Our study extends a recent study by Aoki et al. (2022), which explored the effects on humans performance given a cognitively demanding task (MATB) in two conditions, i.e., in presence of a social vs. a non-social robot. As a robotic platform, we chose the humanoid icub robot, whose appearance resembles a child of around 3 years. The icub robot is equipped with a full body and has sensors such as a camera, and microphone/speaker, and can display facial expressions via LEDs installed into the icub head. A full overview of the icub robot platform is provided in Metta et al. (2008) and references therein. The behaviors shown by the icub robot during the experiments featured gestures and body movement, either with or without meaning (e.g., pointing gesture vs. random arm movement), speech parts at the start and the end (additionally after a task onset in the social condition) and display of emotions in the icub robot face. We found evidence that the presence of a social robot positively affects task performance supported by a reduced completion time and mental workload. Additionally, the participants attributed higher intelligence to the socially-behaving robot and reported to have enjoyed the interaction more (Aoki et al., 2022).

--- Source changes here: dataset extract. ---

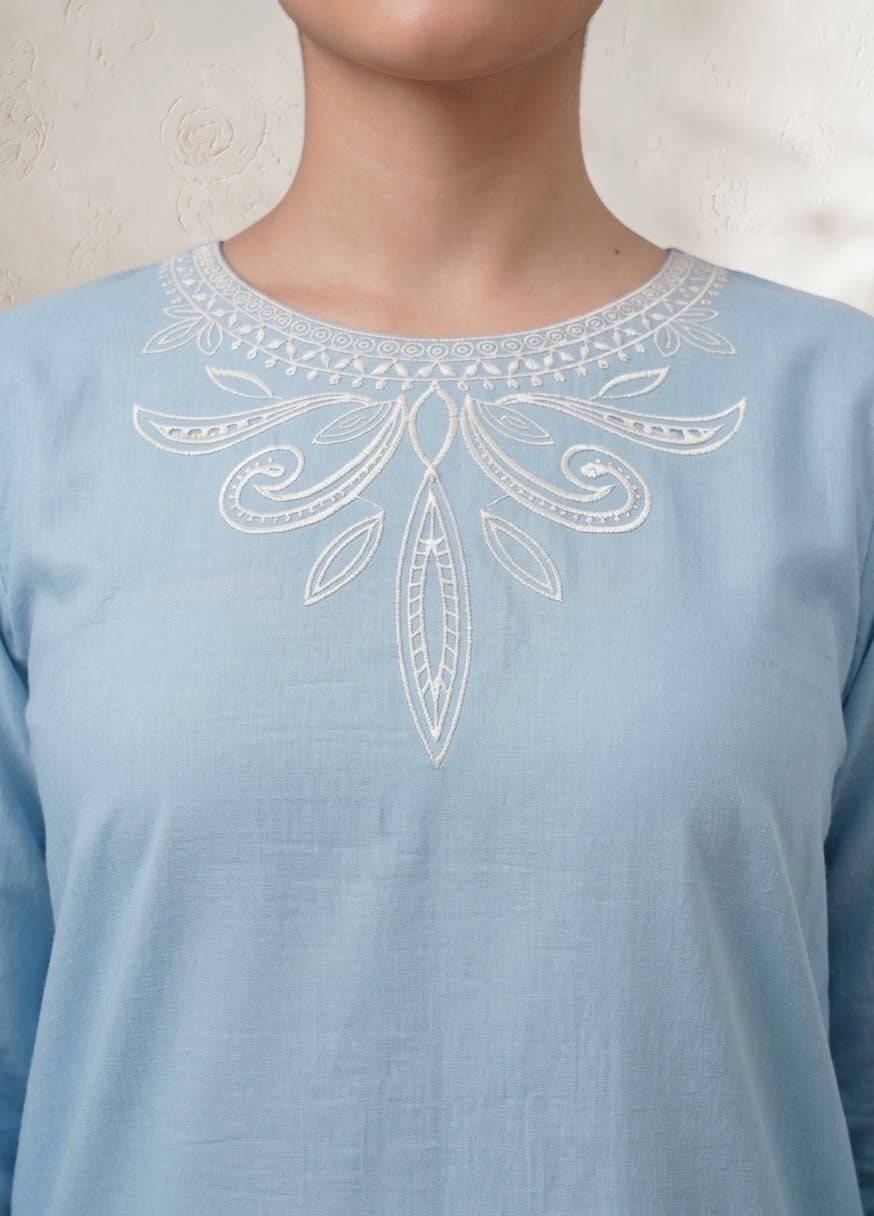 Elegant ice Blue 2-Piece Embroidered Suit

In this study, we build on our recent study and evaluate the progress of affective states and emotions elicited by facial expressions of humans performing the MATB task in three different conditions: the baseline which is called “no-robot,” a “non-social” condition where the robot expresses only behaviors that do not have social meaning, and a “social” condition, where the robot elicits some social attitude through very specific communicative social behavior typical of human-human interaction. Our analysis is based on multi-modal features such as the arousal-valence, gaze patterns, and detection of action units (AU). We hypothesize that the human participants show higher levels of positive affective states (arousal-valence) and emotions (action units) as well as least stress (gaze, eye blinking) in the presence of a social robot compared to the other two conditions. Also, we consider humans in the no-robot condition to display the least emotional responses, yielding a rather monotone pattern of facial signals. Given the increased usage of publicly available feature extraction tools, we also discuss the limitations of current automatic facial expression and emotion recognition as their vulnerability to environmental or technical factors has a huge impact on the interpretation of affective states and emotions in HRI.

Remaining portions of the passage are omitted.